Print every line from the start of the data, and when you reach the line with "Transporter sa Jahtom 1849", include it and stop. Pictures are not part of the copy.

** Opening Material supplied block **

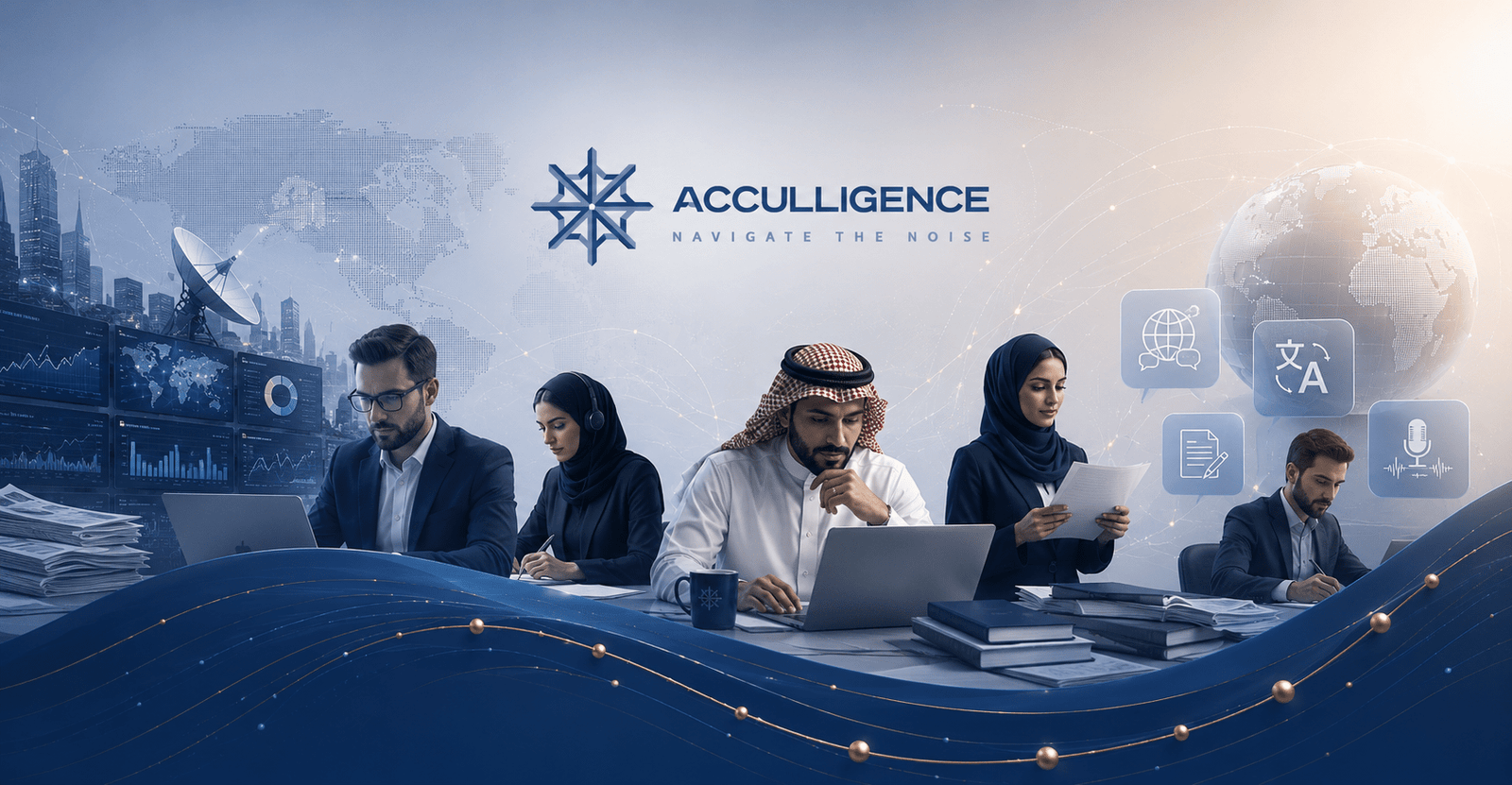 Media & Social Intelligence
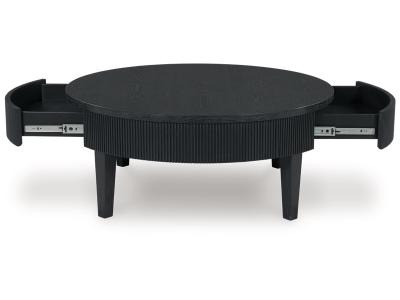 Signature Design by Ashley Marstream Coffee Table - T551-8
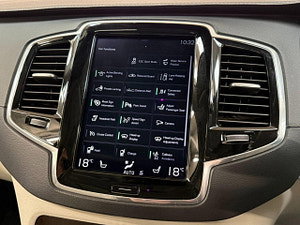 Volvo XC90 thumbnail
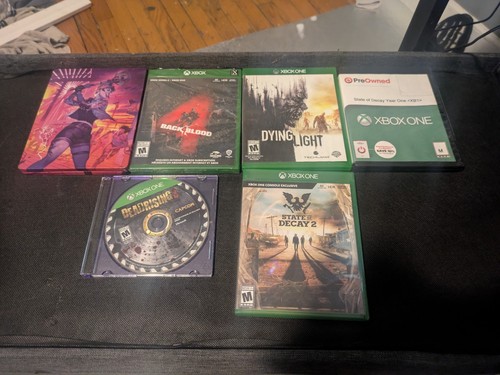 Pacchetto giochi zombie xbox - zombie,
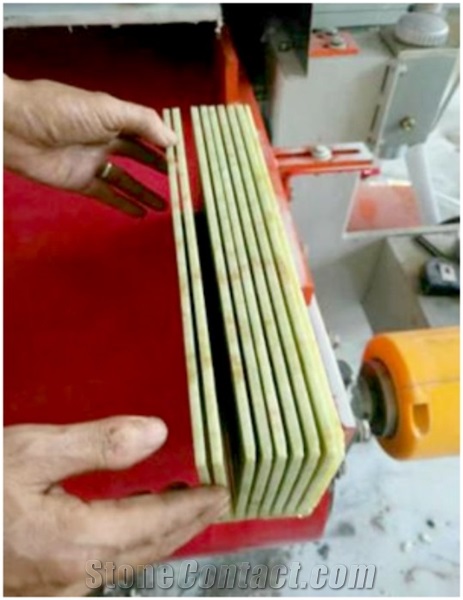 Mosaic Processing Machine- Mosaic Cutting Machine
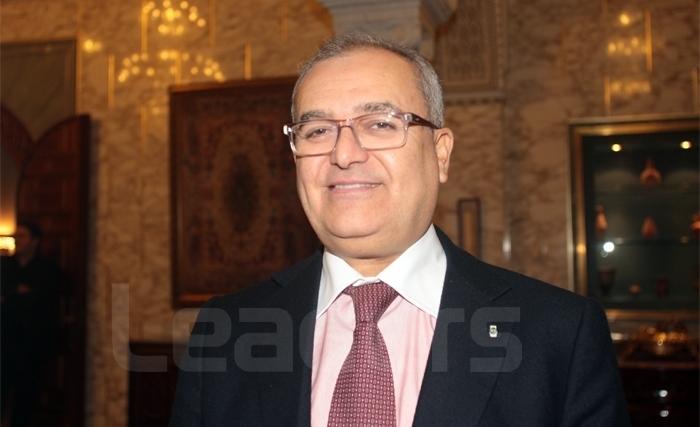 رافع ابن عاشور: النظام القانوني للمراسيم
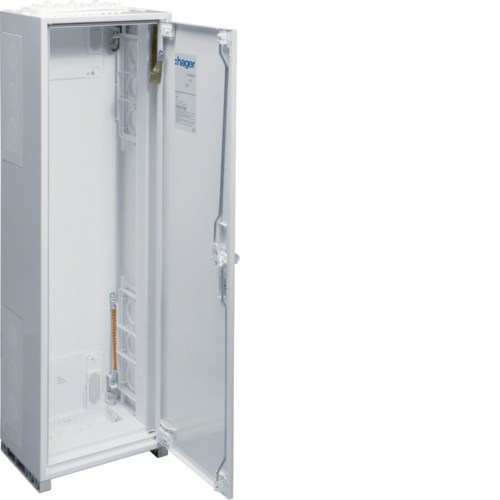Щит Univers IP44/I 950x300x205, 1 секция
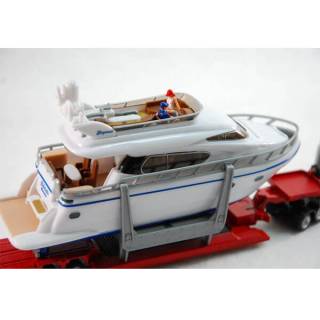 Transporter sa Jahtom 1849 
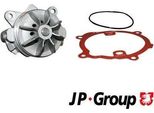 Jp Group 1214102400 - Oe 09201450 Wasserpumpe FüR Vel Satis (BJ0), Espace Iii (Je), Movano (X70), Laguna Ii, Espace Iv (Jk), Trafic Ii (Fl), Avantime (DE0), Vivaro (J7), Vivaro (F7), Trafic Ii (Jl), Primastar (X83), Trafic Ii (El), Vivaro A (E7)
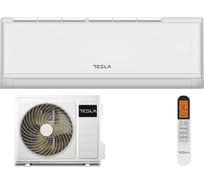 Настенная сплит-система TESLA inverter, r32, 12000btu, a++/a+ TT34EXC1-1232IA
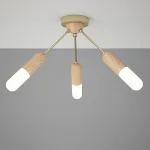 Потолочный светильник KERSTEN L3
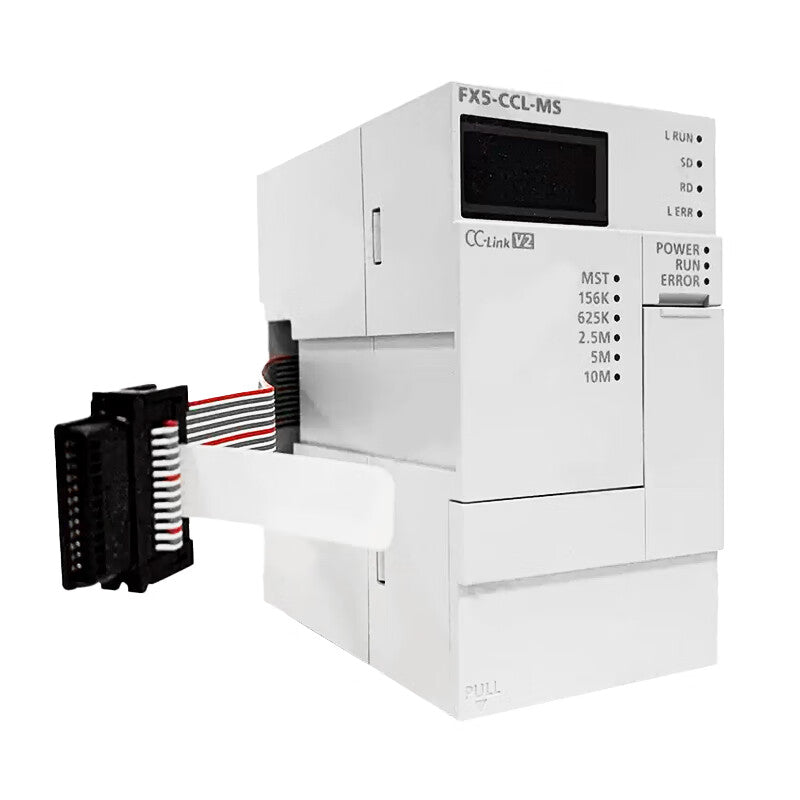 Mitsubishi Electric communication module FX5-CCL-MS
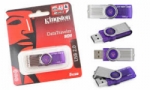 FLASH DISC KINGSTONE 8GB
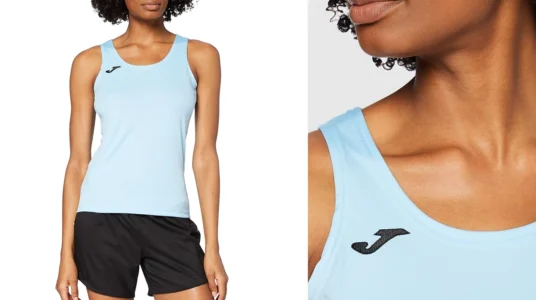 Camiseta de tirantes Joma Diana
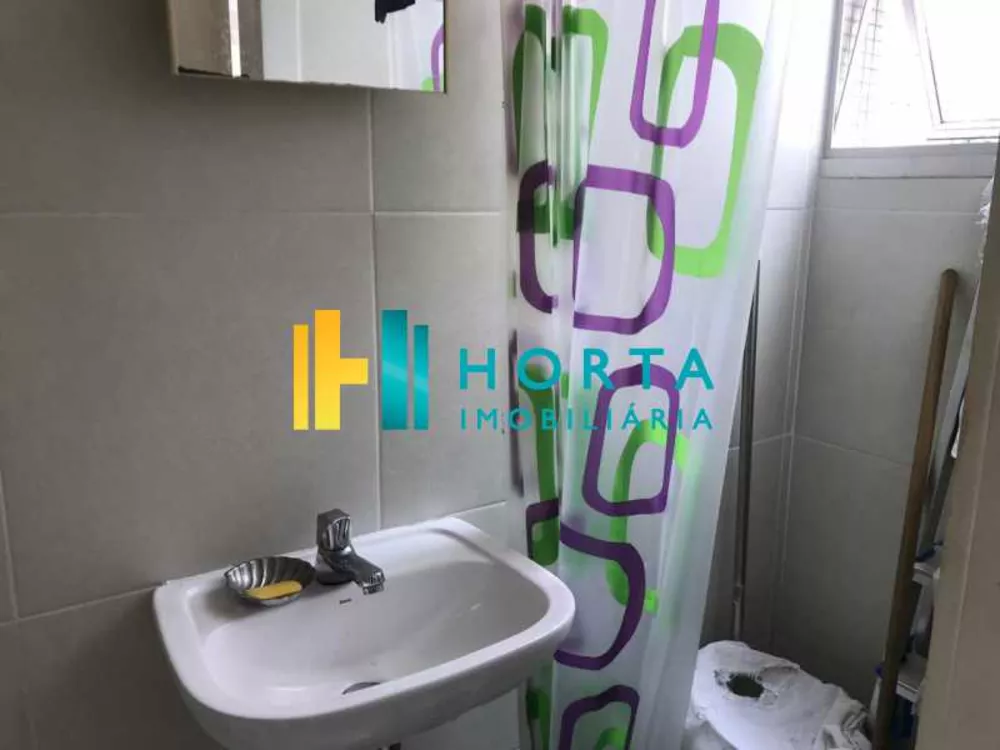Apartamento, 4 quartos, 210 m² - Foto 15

** Closing Material supplied block **

● **Exercise answer**
 Media & Social Intelligence
 Signature Design by Ashley Marstream Coffee Table - T551-8
 Volvo XC90 thumbnail
 Pacchetto giochi zombie xbox - zombie,
 Mosaic Processing Machine- Mosaic Cutting Machine
 رافع ابن عاشور: النظام القانوني للمراسيم
Щит Univers IP44/I 950x300x205, 1 секция
 Transporter sa Jahtom 1849 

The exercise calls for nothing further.